Privilege stops being a bolt-on control and becomes part of a cohesive trust fabric.

The Future of Privileged Access Management: Verified Privilege and Real-Time Command-Level Authentication

The logical next step in this evolution is what could be described as verified privilege, re-verifying identity at the moment of sensitive action, not just at the start of the session. Imagine a privileged user attempting to delete production infrastructure, modify financial records, or alter critical IAM roles.
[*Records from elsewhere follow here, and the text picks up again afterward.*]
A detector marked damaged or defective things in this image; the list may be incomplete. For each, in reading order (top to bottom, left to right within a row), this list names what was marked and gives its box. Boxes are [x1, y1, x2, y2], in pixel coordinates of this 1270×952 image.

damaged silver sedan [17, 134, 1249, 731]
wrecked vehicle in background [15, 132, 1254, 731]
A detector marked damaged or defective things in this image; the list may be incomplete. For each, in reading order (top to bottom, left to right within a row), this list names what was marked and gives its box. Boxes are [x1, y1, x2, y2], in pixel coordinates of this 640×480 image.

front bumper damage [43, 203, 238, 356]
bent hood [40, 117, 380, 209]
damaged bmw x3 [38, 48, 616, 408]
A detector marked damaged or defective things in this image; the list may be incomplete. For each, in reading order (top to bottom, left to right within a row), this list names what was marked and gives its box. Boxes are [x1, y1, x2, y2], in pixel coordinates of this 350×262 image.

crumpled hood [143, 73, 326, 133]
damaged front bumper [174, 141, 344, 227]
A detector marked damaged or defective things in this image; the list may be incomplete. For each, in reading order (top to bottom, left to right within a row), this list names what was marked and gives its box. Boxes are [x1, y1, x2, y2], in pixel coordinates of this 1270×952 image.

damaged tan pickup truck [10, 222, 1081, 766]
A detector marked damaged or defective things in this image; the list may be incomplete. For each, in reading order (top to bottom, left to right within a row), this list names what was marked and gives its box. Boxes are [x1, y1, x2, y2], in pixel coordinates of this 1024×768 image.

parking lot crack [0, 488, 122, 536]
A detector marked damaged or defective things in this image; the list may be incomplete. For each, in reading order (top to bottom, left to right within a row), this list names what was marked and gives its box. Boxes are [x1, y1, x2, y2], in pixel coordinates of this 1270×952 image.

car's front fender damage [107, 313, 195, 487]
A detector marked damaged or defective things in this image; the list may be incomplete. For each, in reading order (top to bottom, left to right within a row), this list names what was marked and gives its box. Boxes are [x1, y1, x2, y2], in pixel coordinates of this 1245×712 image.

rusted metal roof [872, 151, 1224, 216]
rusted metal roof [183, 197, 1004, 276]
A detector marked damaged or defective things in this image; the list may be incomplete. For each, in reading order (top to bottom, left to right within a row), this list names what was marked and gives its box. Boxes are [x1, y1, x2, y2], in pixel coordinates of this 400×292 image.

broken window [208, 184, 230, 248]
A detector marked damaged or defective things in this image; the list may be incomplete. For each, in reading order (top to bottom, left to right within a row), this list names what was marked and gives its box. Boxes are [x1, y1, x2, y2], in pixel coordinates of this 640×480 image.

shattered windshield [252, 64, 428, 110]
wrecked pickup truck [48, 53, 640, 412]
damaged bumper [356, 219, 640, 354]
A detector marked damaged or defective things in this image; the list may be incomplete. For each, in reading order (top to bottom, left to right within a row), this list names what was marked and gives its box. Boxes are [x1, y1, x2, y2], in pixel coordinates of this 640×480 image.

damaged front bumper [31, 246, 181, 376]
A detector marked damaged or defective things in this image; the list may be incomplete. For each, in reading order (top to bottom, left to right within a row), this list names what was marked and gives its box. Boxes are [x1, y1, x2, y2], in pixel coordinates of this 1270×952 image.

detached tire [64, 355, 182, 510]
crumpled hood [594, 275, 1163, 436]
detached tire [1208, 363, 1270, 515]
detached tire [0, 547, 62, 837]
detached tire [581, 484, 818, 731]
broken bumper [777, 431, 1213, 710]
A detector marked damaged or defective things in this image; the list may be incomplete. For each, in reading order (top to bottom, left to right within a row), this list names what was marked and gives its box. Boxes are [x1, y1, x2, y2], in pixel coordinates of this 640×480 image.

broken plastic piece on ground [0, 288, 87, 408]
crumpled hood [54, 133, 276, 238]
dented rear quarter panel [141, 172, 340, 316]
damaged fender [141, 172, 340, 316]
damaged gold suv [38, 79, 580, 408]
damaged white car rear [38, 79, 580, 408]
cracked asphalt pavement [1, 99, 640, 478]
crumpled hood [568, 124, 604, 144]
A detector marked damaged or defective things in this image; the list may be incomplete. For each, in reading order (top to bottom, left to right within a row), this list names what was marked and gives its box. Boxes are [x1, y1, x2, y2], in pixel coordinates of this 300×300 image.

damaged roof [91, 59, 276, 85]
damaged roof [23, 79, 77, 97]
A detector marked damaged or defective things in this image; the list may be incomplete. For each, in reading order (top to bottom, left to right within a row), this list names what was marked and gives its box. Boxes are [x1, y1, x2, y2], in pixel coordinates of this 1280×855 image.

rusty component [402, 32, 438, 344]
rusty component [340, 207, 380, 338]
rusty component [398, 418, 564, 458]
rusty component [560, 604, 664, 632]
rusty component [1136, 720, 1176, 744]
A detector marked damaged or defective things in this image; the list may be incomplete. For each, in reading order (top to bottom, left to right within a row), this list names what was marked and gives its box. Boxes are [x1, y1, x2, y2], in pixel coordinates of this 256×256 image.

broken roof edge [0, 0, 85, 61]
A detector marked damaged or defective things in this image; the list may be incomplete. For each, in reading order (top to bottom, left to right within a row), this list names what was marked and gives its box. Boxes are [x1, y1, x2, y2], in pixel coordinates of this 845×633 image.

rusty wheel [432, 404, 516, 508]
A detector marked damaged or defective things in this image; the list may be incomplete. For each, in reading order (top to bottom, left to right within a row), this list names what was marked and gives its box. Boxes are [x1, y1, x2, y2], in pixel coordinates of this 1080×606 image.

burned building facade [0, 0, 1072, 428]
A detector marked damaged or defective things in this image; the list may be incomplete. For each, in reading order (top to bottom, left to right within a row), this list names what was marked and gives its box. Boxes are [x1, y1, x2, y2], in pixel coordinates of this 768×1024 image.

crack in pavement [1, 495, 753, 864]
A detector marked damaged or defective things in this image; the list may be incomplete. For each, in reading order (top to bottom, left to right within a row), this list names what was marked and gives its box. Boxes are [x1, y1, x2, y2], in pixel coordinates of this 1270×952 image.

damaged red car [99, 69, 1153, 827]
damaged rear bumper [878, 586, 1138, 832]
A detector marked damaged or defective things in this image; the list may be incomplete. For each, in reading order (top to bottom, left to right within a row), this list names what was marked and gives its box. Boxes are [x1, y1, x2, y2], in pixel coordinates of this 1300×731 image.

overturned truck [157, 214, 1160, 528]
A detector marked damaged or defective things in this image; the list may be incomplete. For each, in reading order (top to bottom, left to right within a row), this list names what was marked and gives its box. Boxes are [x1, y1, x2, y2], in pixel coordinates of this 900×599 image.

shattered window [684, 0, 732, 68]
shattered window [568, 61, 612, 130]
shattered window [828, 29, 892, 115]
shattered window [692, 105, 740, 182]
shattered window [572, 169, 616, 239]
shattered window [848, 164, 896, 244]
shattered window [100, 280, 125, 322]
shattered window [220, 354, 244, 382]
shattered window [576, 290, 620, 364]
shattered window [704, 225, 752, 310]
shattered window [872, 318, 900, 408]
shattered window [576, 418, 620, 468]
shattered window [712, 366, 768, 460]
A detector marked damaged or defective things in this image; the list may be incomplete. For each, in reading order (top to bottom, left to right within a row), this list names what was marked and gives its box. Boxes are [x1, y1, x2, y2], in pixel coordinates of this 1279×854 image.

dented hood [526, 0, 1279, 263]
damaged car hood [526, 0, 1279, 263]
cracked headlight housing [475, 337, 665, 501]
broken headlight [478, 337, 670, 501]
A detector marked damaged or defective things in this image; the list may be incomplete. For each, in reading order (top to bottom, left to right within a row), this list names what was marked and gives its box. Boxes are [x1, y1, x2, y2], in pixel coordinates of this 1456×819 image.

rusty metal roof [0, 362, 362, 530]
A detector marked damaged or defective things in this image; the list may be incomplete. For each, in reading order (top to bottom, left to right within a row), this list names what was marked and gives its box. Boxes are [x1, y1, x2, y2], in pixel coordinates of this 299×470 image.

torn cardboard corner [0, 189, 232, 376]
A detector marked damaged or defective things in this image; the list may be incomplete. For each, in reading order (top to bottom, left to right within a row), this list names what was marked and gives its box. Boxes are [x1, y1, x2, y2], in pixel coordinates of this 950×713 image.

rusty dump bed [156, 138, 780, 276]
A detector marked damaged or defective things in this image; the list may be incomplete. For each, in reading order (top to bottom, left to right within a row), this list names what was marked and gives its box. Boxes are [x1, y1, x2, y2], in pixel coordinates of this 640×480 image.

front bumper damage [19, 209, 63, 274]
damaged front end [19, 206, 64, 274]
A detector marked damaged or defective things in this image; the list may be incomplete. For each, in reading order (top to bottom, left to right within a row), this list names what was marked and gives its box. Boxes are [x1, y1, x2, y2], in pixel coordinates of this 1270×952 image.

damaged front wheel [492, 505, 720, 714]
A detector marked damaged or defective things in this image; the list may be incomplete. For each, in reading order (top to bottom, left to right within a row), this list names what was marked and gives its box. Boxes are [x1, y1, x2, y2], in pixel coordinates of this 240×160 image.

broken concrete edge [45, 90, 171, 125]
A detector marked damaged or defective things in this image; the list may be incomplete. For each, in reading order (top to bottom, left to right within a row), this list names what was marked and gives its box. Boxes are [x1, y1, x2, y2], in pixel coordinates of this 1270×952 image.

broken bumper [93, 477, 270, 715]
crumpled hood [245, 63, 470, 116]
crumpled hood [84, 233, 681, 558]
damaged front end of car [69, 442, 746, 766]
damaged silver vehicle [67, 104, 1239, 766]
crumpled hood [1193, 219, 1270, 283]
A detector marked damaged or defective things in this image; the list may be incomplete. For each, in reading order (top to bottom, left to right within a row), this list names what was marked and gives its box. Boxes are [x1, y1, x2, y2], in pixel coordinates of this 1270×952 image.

Rather than relying solely on initial authentication, the system can require biometric confirmation tied to the originally verified identity, combined with hardware assurance from the trusted device.

 

This model introduces step-up verification precisely where risk is highest. Nothing needs to be remembered. Nothing reusable exists to be stolen. The assurance is continuous and contextual. Such an approach does more than strengthen security. It aligns security controls with real operational behavior. Privilege is no longer static. It is dynamic, situational, and adaptive.

Moving Beyond the Password Vault: Modernizing Privileged Access Management with Runtime and Zero Standing Privilege

The industry does not need marginal improvements to password vaults. It needs a redefinition of privileged access itself. Credential rotation alone cannot solve identity-based attacks. Session logging alone cannot prevent misuse in real time. Standing privileges, however tightly managed, still create latent risk.

 

Controlling privilege beyond login requires three structural shifts: eliminating static credentials wherever possible, enforcing Zero Standing Privilege at runtime, and binding identity to trusted hardware within a unified identity platform. When these elements converge, privileged access becomes materially harder to exploit. The attack surface shrinks. Blast radius collapses. The economic incentives for attackers weaken.

How PingOne Privilege Redefines Privileged Access Management for Zero Standing Privilege and Runtime Control

Privileged access does not need incremental improvements to vault technology; it requires a structural shift in how organizations think about trust, identity, and control. PingOne Privilege delivers that shift. By eliminating static credentials for the vast majority of use cases, enforcing ZSP as an operating model, binding user identity to trusted hardware through TPM-based assurance, and unifying privileged access within the broader Ping Identity platform, it moves security from “Admin Time” to true runtime privileged access control.

 

Privilege becomes ephemeral, verified, and continuously enforced, integrated with identity verification, governance, risk signals, and step-up authentication at the point of sensitive action. In doing so, PingOne Privilege does not simply modernize traditional password vault-based PAM; it redefines privileged access management for cloud-native, highly regulated, identity-driven enterprises.